Küresel iklim krizi ile mücadelenin baş aktörlerinden biri olan ağaçlandırma çalışmaları, 2030 yılına kadar 1 ila 1.5 trilyon ağacın hedeflenmesi ile çözümün etkileri de net şekilde ortaya konulmaktadır. İklim krizine karşı yapılan mücadele kapsamında dünyaya ağaç kazandırmanın tek başına yeterli olmadığının bilinmesi ile birlikte bazı akademik araştırmalar, söz konusu hedefe olan umudun daha da fazla artış göstermesine fırsat tanıyor.

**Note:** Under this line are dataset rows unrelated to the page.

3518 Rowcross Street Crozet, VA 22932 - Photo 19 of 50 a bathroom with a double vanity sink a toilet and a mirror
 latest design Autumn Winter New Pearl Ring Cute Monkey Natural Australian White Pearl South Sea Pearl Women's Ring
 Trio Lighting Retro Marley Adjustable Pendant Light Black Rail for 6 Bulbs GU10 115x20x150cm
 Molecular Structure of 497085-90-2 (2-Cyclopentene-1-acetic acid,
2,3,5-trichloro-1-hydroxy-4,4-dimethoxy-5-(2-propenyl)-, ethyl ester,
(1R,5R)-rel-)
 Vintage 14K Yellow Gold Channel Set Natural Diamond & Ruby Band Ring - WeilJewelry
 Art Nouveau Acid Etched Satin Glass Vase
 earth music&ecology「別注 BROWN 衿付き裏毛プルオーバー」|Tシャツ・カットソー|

Zürih Politeknik Üniversitesi’ndeki Crowther Laboratuvarı’nda gerçekleştirilen bir akademik çalışma sonucunda, dünya üzerindeki mevcut ormanlık alanlara fazladan 900 milyon hektarlık bir alanın daha eklenebilmesinin mümkün olduğu sonucuna ulaşıldı. Söz konusu alanın içerisine herhangi bir tarımsal arazinin veya kentsel alanın dahil edilmemesi ile birlikte, dünya üzerindeki bazı tarımsal arazilerin veya kentsel alanların ağaçlandırma için uygun olduğu da belirtiliyor. Şimdiden harekete geçilmesi ile birlikte atmosferdeki karbondioksit miktarının %25 oranlarında azaltılması ve belki de bir önceki yüzyıl başlarındaki oranlara dönülme ihtimaline ulaşılması tahmin ediliyor.
Türkiye’de bulunan ormanlar ise ülkemizin karbon emisyonunun her yıl yüzde 16’sını tutuyor. 2030 hedefi doğrultusunda harekete geçmemiz demek, %16’lık emisyon oranını %20’lerin üzerine çıkarma potansiyeline sahip olduğumuz anlamına geliyor. Bunu başarmamız iklim krizini durdurabilmek adına tek başına yeterli olmasa bile, diğer iklim krizi çözümlerini tamamlayarak bizlerin yarınlara daha da umutla bakabilmesini sağlayabilir. Çünkü iklimi yeniden dengelemenin yolu, sera gazı salınımlarını sıfıra indirgemekten geçiyor.